Work request: Transcribe every record that appears below, exactly and in full.

Records shown:
#####
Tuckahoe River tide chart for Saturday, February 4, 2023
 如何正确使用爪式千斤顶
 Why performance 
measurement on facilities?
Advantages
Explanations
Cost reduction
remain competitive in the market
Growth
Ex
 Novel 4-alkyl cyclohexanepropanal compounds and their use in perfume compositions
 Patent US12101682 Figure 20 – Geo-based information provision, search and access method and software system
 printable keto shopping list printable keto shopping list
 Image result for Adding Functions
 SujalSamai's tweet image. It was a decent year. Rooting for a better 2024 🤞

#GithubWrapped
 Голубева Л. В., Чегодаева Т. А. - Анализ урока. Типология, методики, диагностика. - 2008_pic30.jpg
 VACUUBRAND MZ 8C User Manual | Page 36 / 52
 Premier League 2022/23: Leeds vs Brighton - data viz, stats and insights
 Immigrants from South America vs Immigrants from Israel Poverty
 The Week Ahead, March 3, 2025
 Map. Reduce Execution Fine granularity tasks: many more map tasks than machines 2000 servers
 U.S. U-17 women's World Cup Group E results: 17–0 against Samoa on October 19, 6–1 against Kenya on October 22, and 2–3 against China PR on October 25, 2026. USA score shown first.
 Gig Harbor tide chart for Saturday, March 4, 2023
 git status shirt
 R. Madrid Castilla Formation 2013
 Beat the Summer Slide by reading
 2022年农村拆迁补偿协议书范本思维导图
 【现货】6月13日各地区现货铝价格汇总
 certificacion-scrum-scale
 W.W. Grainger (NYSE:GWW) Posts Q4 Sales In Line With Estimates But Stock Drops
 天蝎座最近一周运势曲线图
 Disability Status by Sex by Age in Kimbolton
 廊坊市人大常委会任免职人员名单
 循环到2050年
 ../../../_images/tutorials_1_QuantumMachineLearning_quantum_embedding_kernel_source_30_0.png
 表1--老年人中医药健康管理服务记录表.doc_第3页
#####
Answer space:
Tuckahoe River tide chart for Saturday, February 4, 2023
 如何正确使用爪式千斤顶
 Why performance 
measurement on facilities?
Advantages
Explanations
Cost reduction
remain competitive in the market
Growth
Ex
 Novel 4-alkyl cyclohexanepropanal compounds and their use in perfume compositions
 Patent US12101682 Figure 20 – Geo-based information provision, search and access method and software system
 printable keto shopping list printable keto shopping list
 Image result for Adding Functions
 SujalSamai's tweet image. It was a decent year. Rooting for a better 2024 🤞

#GithubWrapped
 Голубева Л. В., Чегодаева Т. А. - Анализ урока. Типология, методики, диагностика. - 2008_pic30.jpg
 VACUUBRAND MZ 8C User Manual | Page 36 / 52
 Premier League 2022/23: Leeds vs Brighton - data viz, stats and insights
 Immigrants from South America vs Immigrants from Israel Poverty
 The Week Ahead, March 3, 2025
 Map. Reduce Execution Fine granularity tasks: many more map tasks than machines 2000 servers
 U.S. U-17 women's World Cup Group E results: 17–0 against Samoa on October 19, 6–1 against Kenya on October 22, and 2–3 against China PR on October 25, 2026. USA score shown first.
 Gig Harbor tide chart for Saturday, March 4, 2023
 git status shirt
 R. Madrid Castilla Formation 2013
 Beat the Summer Slide by reading
 2022年农村拆迁补偿协议书范本思维导图
 【现货】6月13日各地区现货铝价格汇总
 certificacion-scrum-scale
 W.W. Grainger (NYSE:GWW) Posts Q4 Sales In Line With Estimates But Stock Drops
 天蝎座最近一周运势曲线图
 Disability Status by Sex by Age in Kimbolton
 廊坊市人大常委会任免职人员名单
 循环到2050年
 ../../../_images/tutorials_1_QuantumMachineLearning_quantum_embedding_kernel_source_30_0.png
 表1--老年人中医药健康管理服务记录表.doc_第3页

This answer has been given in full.